Re: Which One is the Most Reliable Microcontroller?

10/31/2011 4:27 PM

SET is Single Event Transient caused by Cosmic Rays by Ionizing Semiconductor material and forming enough charge to bog off the Analog and Digital signal. Energy and LET of the Ionizing Radiation and charge particle type decides the amount of charge produced and if hit is at critical place then sure something wrong may happen just when you do not want it to happen. While SET events are predictable to some extent statistically but what they will do is very complex and not easy to predict. Some Semiconductor processes are specially designed to reduce the SET effect. Total removal is like removing COSMIC Rays which is just not possible. Cutting down their numbers and risk reduction is something that we all try to achieve.

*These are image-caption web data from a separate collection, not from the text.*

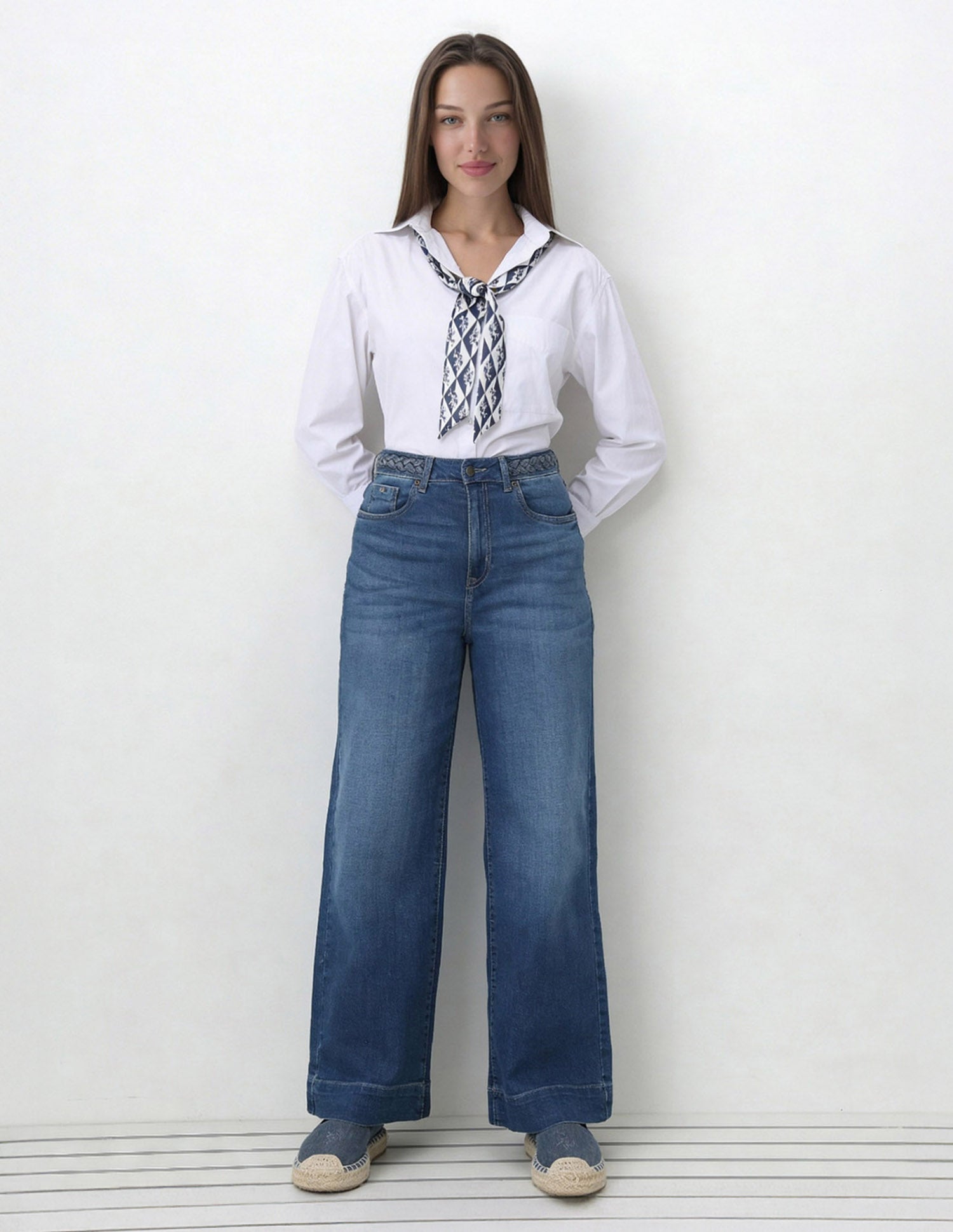 High Rise Wide Leg Fit Jeans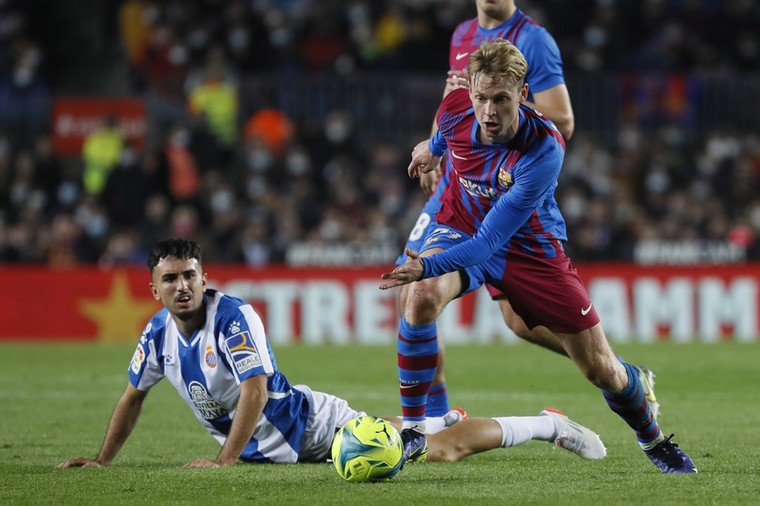 ‘Frenkie begrijpt speelstijl Xavi meteen, Barça zal hem niet laten gaan’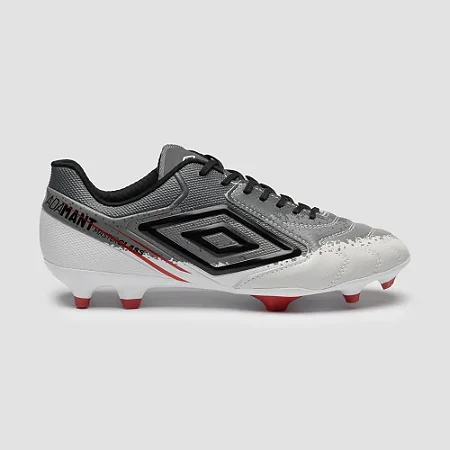 Chuteira Umbro Campo Adam Master Shark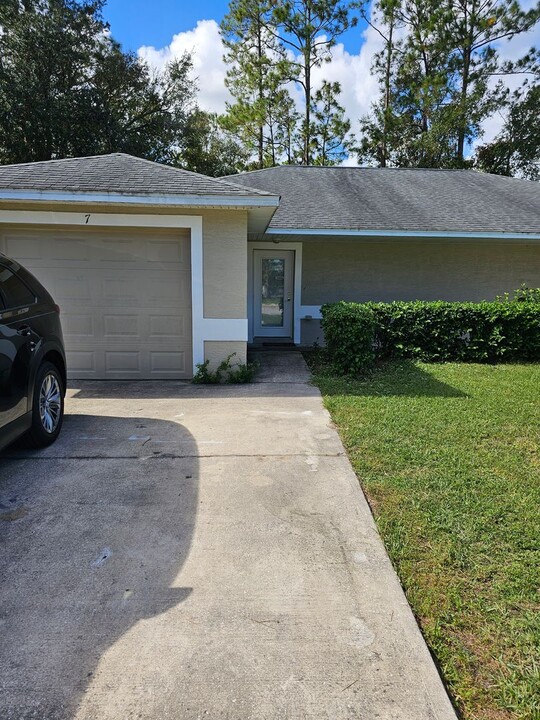 7 Wells Pl in Palm Coast, FL - Building Photo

You can easily find lots of conference papers on SET and space electronics is of lots of worry due to high Radiation environment. Tests are often done at high gamma rays doses of the order of 100kRad or about to that level.

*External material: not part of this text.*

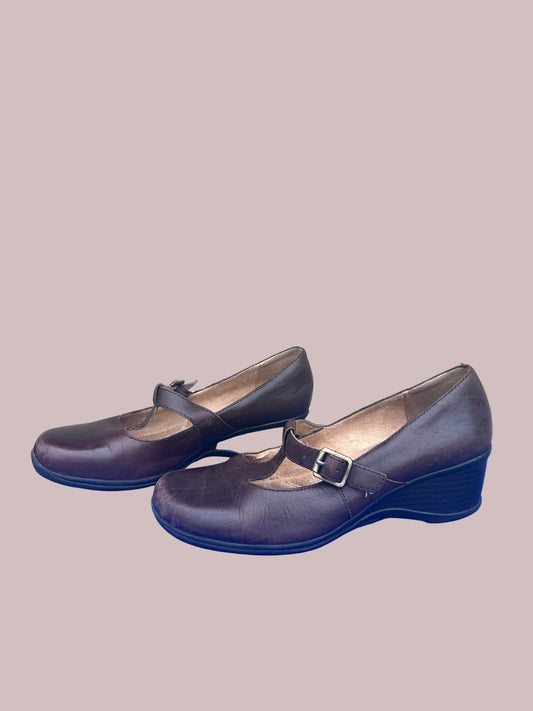 Mary Janes in brown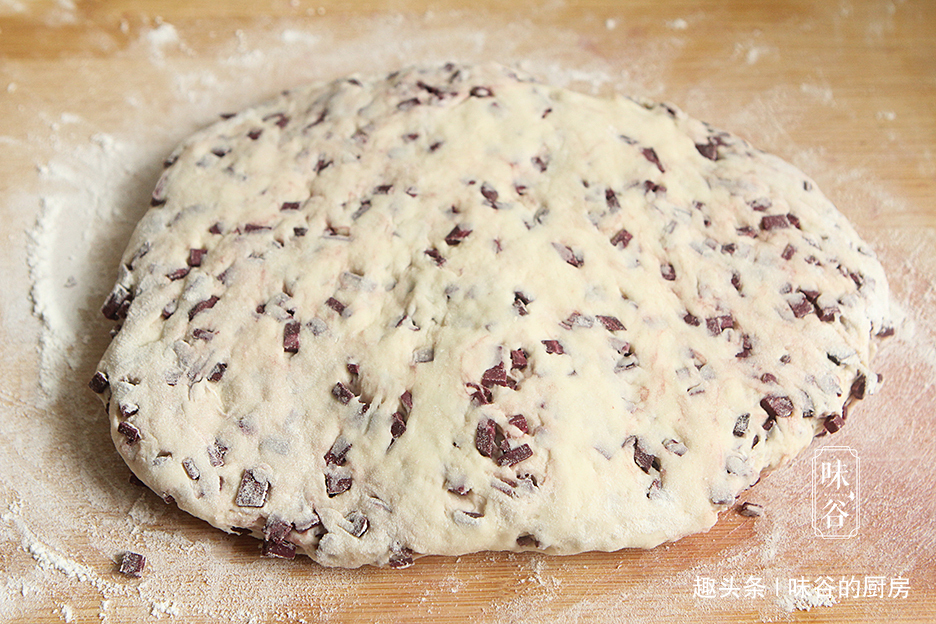 蒸馒头时加紫薯,好吃不腻,营养又低脂,隔三差五吃,肠胃更健康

Memory bit can simply turn ON / OFF due to SET event or even multiple of them can get affected.

In one design that I developed 35 years ago, I was writing duplicate entore data into three locations in static memories and by comparing all three data and if one of them was corrupted then I used to copy the matching one to that bad location. I have written a program which was checking memory all the time while task was being performed normally. This was Multichannel Analyzer (MCA) which was used to collect data for 400 days on continuous bases. I was afraid that something or other will corrupt the memory in 400 days. My program was in Fused PROM and data in static memories and these static memories were of my worry. I have used Intel 8085 Radiation hardened uP and extra bipolar state machine to keep watch on statistical events as well as data management. For 25 years, we did not find any great problem and then these system were scrapped by new generation engineers as they were not so sophisticated like PC which often requires reboot and can hardly hold few days data with reliability.

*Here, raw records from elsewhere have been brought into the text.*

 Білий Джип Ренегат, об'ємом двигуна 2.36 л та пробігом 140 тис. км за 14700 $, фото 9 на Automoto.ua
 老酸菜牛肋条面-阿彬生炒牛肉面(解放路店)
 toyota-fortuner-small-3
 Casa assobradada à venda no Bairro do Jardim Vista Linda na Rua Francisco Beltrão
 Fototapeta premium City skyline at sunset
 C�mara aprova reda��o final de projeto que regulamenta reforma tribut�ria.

Well, it is a generation gap and so is the technology. We knew somewhat better value of reliability and perhaps it has lost its meaning now.

I was having my own developed ESD GUN and EMP source to rest all ICs before I placed those parts in the design. I found many types of ICs were very poor quality and they often died with ESD and EMP impulses. These tests I did in 1976 on my early stage designs. I think they were very interesting one. I published about my ESD GUN in EDN long ago in 1996 some 20 years after I developed it. You can find it here.

http://www.edn.com/archives/1996/091296/19di1.htm

I was with Atomic Energy at IGCAR Kalpakkam (www.igcar.gov.in) from 1976 to 1998. Now I own Sensors Technology and Advanced Sensor Research Organization companies.

.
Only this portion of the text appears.